We had a joint FCM session with Case today. Since we had complained a lot about being segregated by program last month when we went over there, the good news is that the powers that be assigned us to mixed small groups so that we could interact with the UP students. However, these excellent intentions were thwarted by the speaker, who droned on for the entire hour and a half. So, although we were in small groups with the UP students and physically sat next to them for the hour and a half, we did not get to actually discuss anything with them. This is the usual FCM pattern. The subject is important, the reading was decent, and the class itself somehow just never quite works out the way it is supposed to.

The hemoglobin seminar we had afterward was pretty good. We talked about the structure and function of hemoglobin, as well as how the genes for hemoglobin turn on and off during development. The coolest part, of course, is discussing the things that can go wrong with hemoglobin, which are called hemoglobinopathies. Hemoglobin is the protein in the blood that carries oxygen from the lungs to the tissues. Some people don't make enough hemoglobin, and they have anemia due to a condition called thalessemia. Other people make normal amounts of hemoglobin, but their hemoglobin has too much affinity for oxygen or too little affinity for oxygen, and they either have problems with releasing oxygen to the tissues or loading oxygen in the lungs. The most famous hemoglobin problem is sickle-cell disease, which happens due to a mutation in the structure of the hemoglobin protein. The mutation changes the properties of the hemoglobin so that in situations where the affected person has low amounts of oxygen, the hemoglobins start polymerizing into long chains. When that happens, it warps the shape of the red blood cell. Normal red blood cells are round disks that have indentations on both sides, but sickle cells are long and thin to the point where they can get stuck in the tiny blood vessels of the body.

We had a class meeting after seminar. This was for all of the M1s. Dean Franco came to ask us what we could do to improve the seminars. Naturally, many of us wanted to talk about the problems we've been having with FCM, and we did for quite a while. But she really wanted to talk to us about the academic seminars, because some of my classmates have stopped attending them. This is kind of a sticky issue. On one hand, some of the seminars are kind of dry or otherwise not particularly helpful. But CCLCM is not like most medical schools where a lot of the students skip class, collect lecture packets, and read them at home to prepare for their exam. So I agree with Dean Franco that we all ought to attend the seminars. That being said, I also think that if some people want to skip them, they ought to be allowed to do that without getting emails sent to their PAs or otherwise being hassled for that choice. If we are adults, and we are, then we should be treated like adults. At the end of the class meeting, two of the M3s came and talked to us about applying for fellowships during our research years. We get stipends from CCF while we're doing our thesis year, but we can also apply for fellowships on top of that. I hadn't considered applying for a fellowship before this, but now I am planning to do it. So that was really useful.

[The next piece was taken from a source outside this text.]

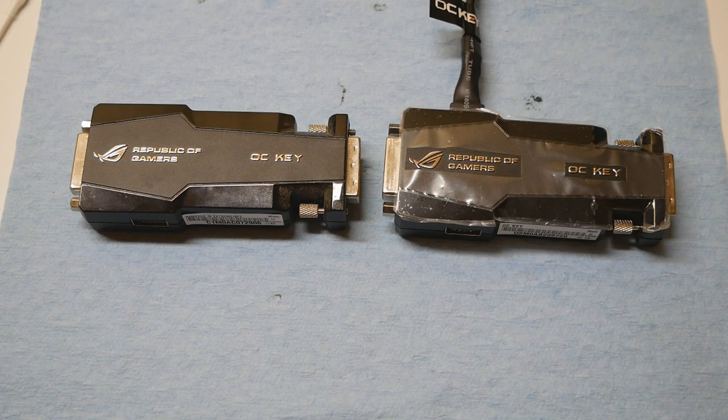This device in front of the camera is the ASUS ROG OC Key. It's the predecessor of the ASUS ROG OC Panel, which was introduced in 2013 with the Maximus 6 Xtreme motherboard for Haswell CPUs. The OC Key originally came with the Rampage 4 Xtreme motherboard in 2011 for the Sandy Bridge-E CPUs, and with the Maximus 5 Xtreme motherboard in 2012 for the Ivy Bridge CPUs like the 3770K.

In the afternoon, I went to the anatomy office hours. There was one other student there, and we went through all of the cadavers together with Dr. Drake. Even though we were doing early embryology this week, we are still working on the neck, so all of the prosections were of the neck. You wouldn't think that the neck would be so complicated because there aren't too many organs in the neck (just the thyroid mainly), but it actually is. There are really a lot of muscles, nerves, blood vessels, and connective tissues in there. I don't think I'll ever remember them all, but I'm still enjoying learning about them.